Clara Alves, autora de sucesso no Brasil com romances do gênero Young Adult.

Clara Alves, autora do livro Conectadas (Seguinte, 2021), disse em entrevista ao Sala33 que quem consome essa literatura não carrega esse preconceito, porém, como escritora, ela já passou por situações em que seus livros não foram levados a sério. “Quando eu falo para as pessoas que sou escritora, elas perguntam ‘O que você escreve?’, e aí eu falo ‘Romance adolescente’, e ela já fica […] decepcionada como se não fosse literatura”, conta.

Gabriela lembra também que o protagonismo jovem não é algo recente e exemplifica com o grande clássico da literatura estadunidense: O Apanhador no Campo de Centeio, de J. D. Salinger. Para ela, o que acontece é uma ideia por parte do público de que esses romances tratam de temas superficiais, o que não é uma realidade quando analisamos melhor cada livro. A própria obra da Clara Alves, Conectadas, explora temas muito importantes como sexualidade, problemas parentais, além da procura do verdadeiro “eu”. “Não precisa ter essa discrimininação, porque a leitura em geral sempre vai ajudar a gente a formar pensamentos críticos”, finaliza Clara.

 

O livro “Conectadas”, de Clara Alves, que segue a história de Raíssa e Ayla. As duas se conhecem por meio de um jogo online e se apaixonam, porém Ayla acha que Raíssa é, na verdade, um garoto chamado Leo. [Imagem: Reprodução/Instagram/@claraalvesg]

 

Em relação às pautas nos livros brasileiros, as professoras Cássia Farias e Regina Carneiros destacam em seu artigo que “esses livros apresentam uma variedade de temáticas, que passam desde conflitos do dia a dia, como amor e amizade, a assuntos considerados pesados, como saúde mental, homofobia e ISTs [infecções sexualmente transmissíveis]. É, em muitos momentos, uma literatura engajada, abordando questões de importância social e com foco na representatividade”. Obras como Enquanto eu não te encontro (Seguinte, 2021) e Querido Ex (Galera Record, 2020), dos autores Pedro Rhuas e Juan Jullian, respectivamente, são romances gays que exploram temáticas complexas. O livro de Juan não apenas trata de um relacionamento abusivo, como também fala sobre temas raciais e violência sexual, mas com o tom mais leve que caracteriza o gênero YA.

 

Young Adult: desenho de pilha de seis livros, com as lombadas viradas para o leitor, com fundo de bandeira de arco-íris e dizeres "#Leiacomorgulho"
Sugestões publicadas no Instagram oficial da Galera Record, selo juvenil da Editora Record, no dia internacional contra a LGBTfobia. Três desses livros (“Querido Ex”, “Você tem a vida inteira” e “O amor não é óbvio”) são brasileiros [Imagem: Reprodução/Instagram/@GaleraRecord]

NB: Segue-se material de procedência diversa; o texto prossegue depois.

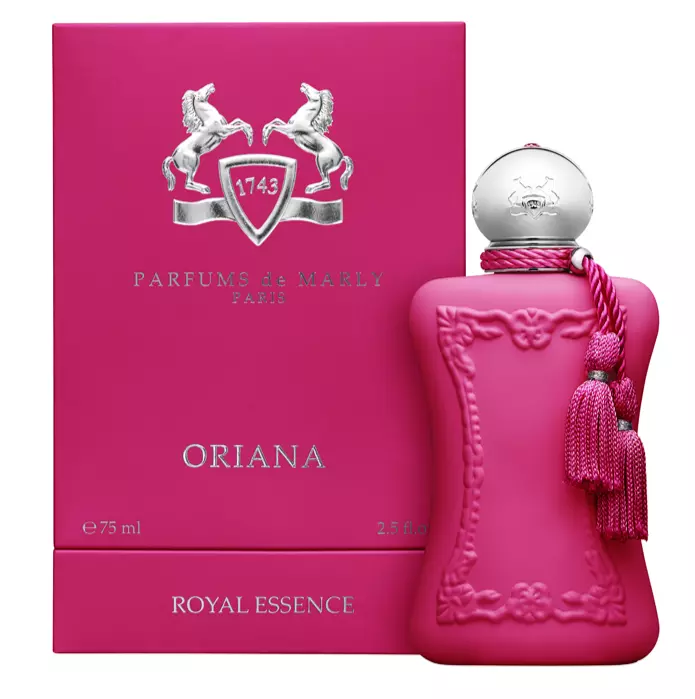 Oriana Eau de Parfum 75ML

A grande parte dos livros jovens se preocupa com essas questões, ainda mais do que a literatura voltada para adultos, segundo Tonelli. Clara completa que essas temáticas são “abordadas talvez até com mais sensibilidade, justamente por a gente entender que estamos tratando de pessoas que estão formando a sua personalidade”. 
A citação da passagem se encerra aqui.